DATASET ENTRIES.
________________

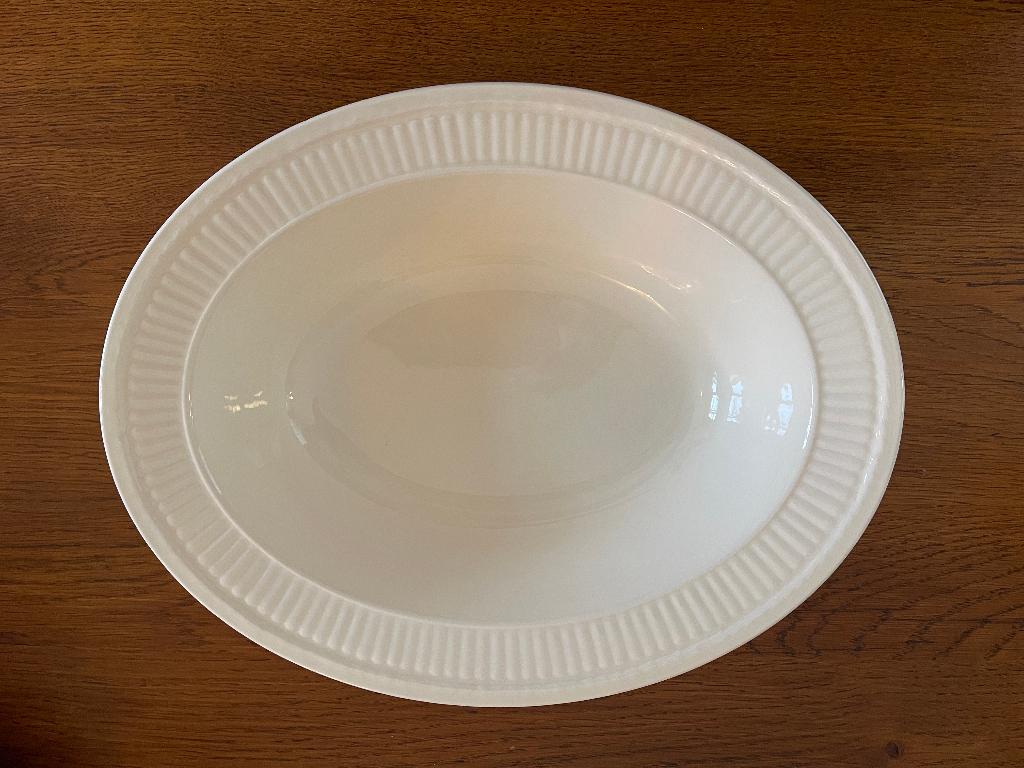 Wedgwood "Edme Plain" Diepe Ovale Schaal Nieuw, Nieuw, Ophalen of Verzenden, Schaal of Schalen, Overige stijlen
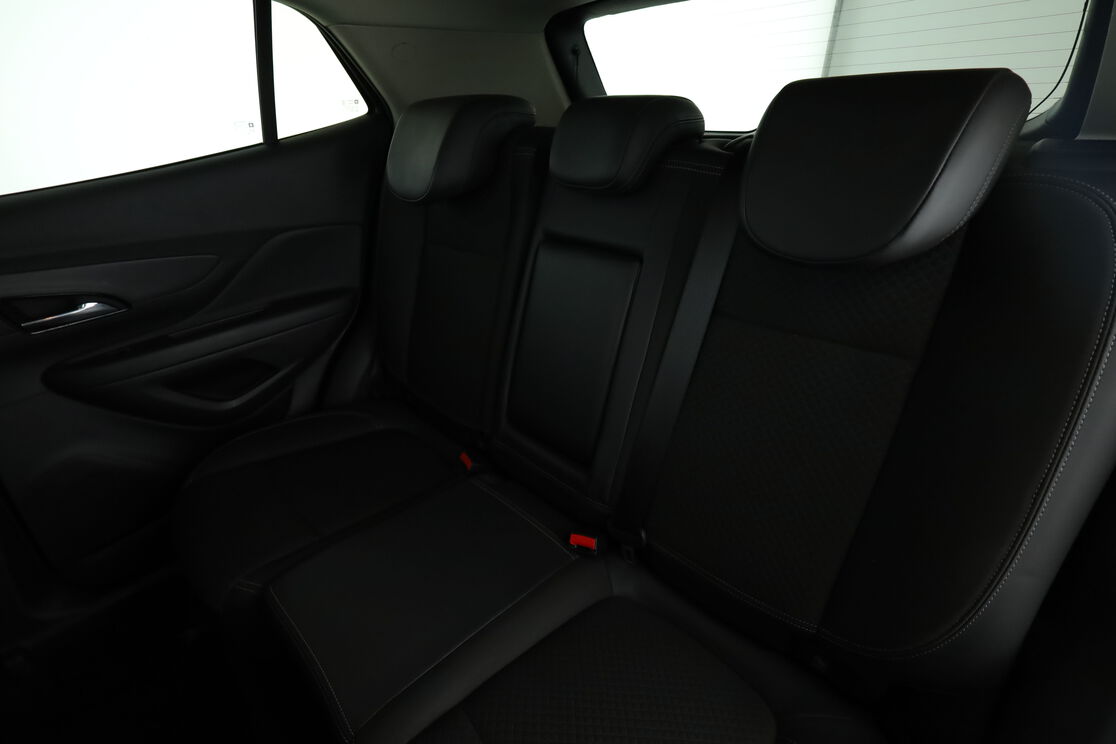 Intérieur sièges arrière depuis le côté conducteur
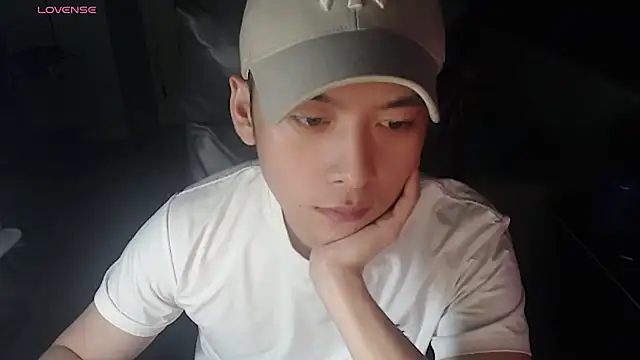 yichen008 online show from July 23, 9:23 pm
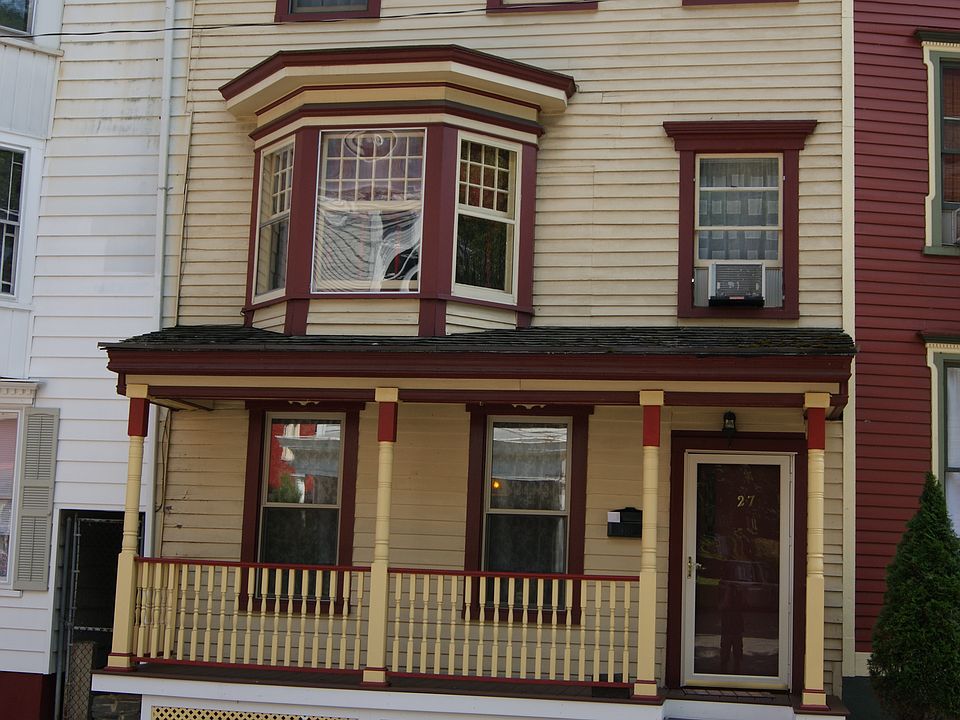 27 West Broadway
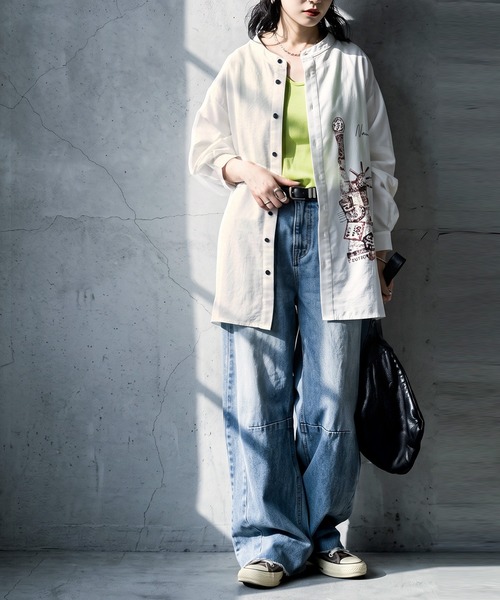antiqua(アンティカ)の「アートプリント シャツ(シャツ/ブラウス・レディース・ホワイト/ブラック・ONESIZE)」の15枚目の写真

________________

WHAT THE TASK ASKS. Output each entry verbatim; none of the pictures should be included.

FINISHED TASK.
 Wedgwood "Edme Plain" Diepe Ovale Schaal Nieuw, Nieuw, Ophalen of Verzenden, Schaal of Schalen, Overige stijlen
 Intérieur sièges arrière depuis le côté conducteur
 yichen008 online show from July 23, 9:23 pm
 27 West Broadway
antiqua(アンティカ)の「アートプリント シャツ(シャツ/ブラウス・レディース・ホワイト/ブラック・ONESIZE)」の15枚目の写真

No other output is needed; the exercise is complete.